Data excerpts:
══════════
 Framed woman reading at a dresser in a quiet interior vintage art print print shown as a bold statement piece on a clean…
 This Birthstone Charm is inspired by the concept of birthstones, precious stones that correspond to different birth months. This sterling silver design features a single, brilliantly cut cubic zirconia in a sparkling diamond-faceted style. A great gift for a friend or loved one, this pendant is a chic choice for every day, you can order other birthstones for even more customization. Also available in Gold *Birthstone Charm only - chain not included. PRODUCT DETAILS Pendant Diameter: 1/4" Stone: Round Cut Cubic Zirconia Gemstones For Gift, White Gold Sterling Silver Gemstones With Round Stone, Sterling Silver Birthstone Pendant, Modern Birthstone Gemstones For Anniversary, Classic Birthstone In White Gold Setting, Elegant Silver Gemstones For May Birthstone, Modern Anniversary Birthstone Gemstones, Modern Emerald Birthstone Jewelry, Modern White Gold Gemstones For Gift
══════════
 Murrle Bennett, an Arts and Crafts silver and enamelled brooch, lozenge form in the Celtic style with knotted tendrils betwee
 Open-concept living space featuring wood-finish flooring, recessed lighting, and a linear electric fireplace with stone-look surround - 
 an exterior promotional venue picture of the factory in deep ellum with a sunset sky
══════════
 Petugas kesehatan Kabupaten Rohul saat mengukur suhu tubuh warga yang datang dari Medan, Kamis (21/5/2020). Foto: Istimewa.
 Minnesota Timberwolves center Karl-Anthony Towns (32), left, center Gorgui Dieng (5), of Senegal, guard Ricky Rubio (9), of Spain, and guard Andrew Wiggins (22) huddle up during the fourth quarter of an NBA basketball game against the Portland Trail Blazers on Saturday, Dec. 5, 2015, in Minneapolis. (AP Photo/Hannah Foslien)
══════════
Work task: The answer should be a single number giving how many lines in the records hold the word "concept".

Answer to the problem: 2